* THE TASK *
Reproduce exactly only the lines from the line that holds "Blank Pages 42mm-Dansco" to the line that holds "Publikacia Organizacne a", inclusive, in the listing below, and please leave out every picture.

* PROVIDED DATA *
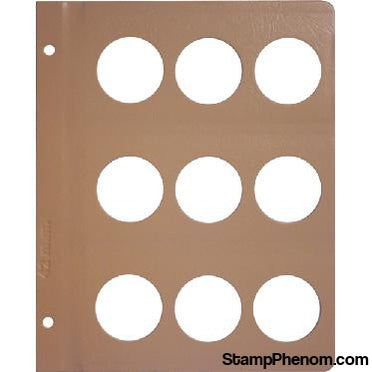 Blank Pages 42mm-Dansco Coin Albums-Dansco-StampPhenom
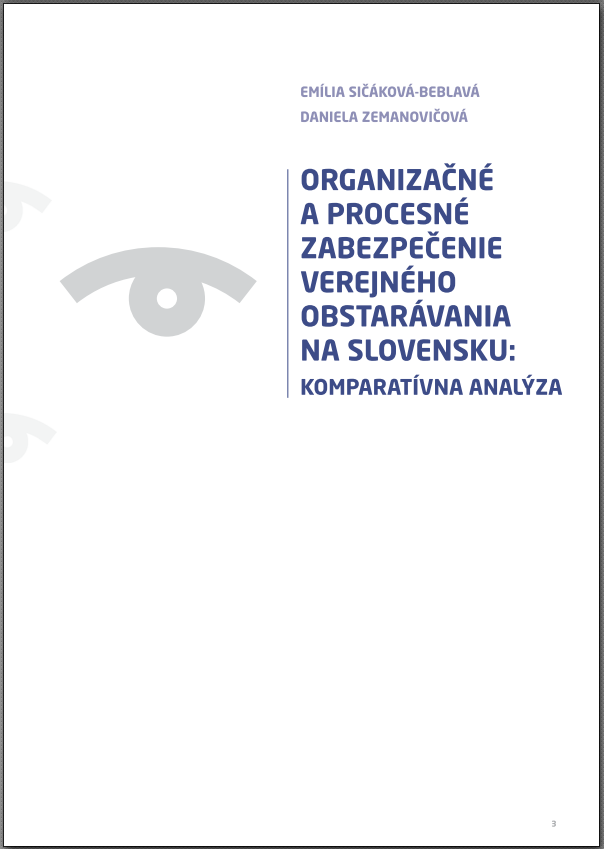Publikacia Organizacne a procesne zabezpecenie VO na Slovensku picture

---

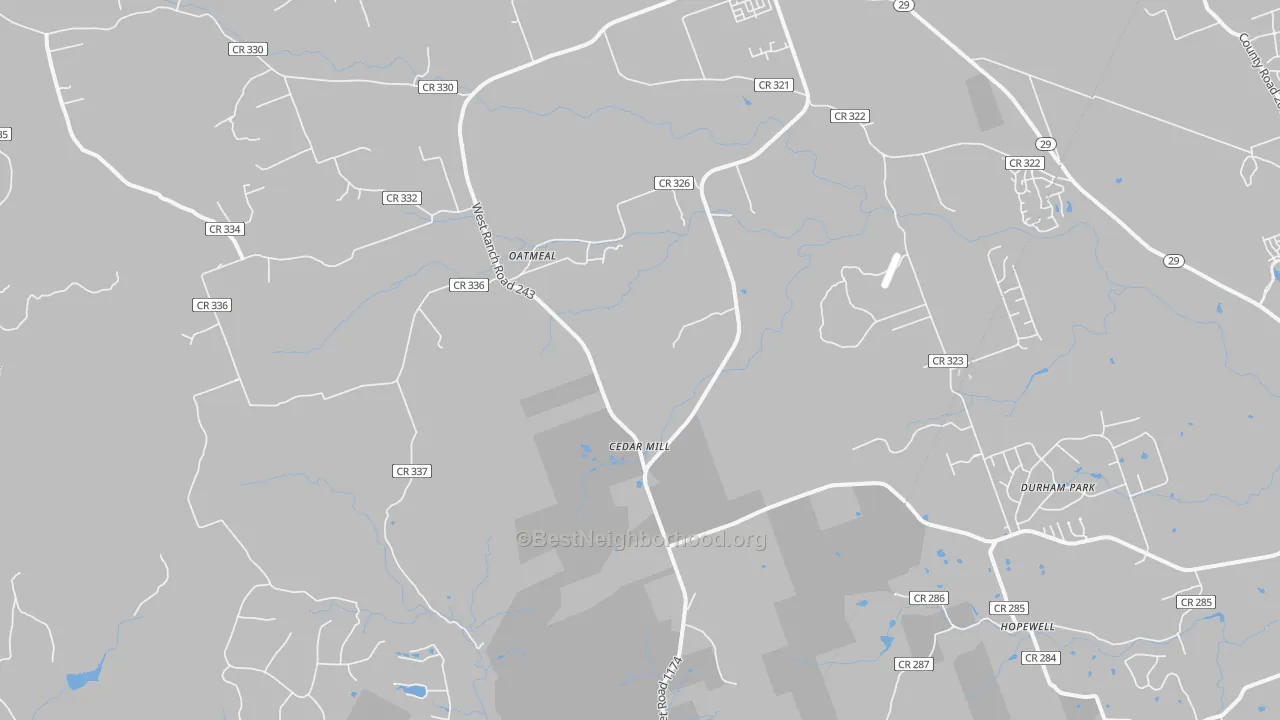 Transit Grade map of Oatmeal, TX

* TASK RESULT *
 Blank Pages 42mm-Dansco Coin Albums-Dansco-StampPhenom
Publikacia Organizacne a procesne zabezpecenie VO na Slovensku picture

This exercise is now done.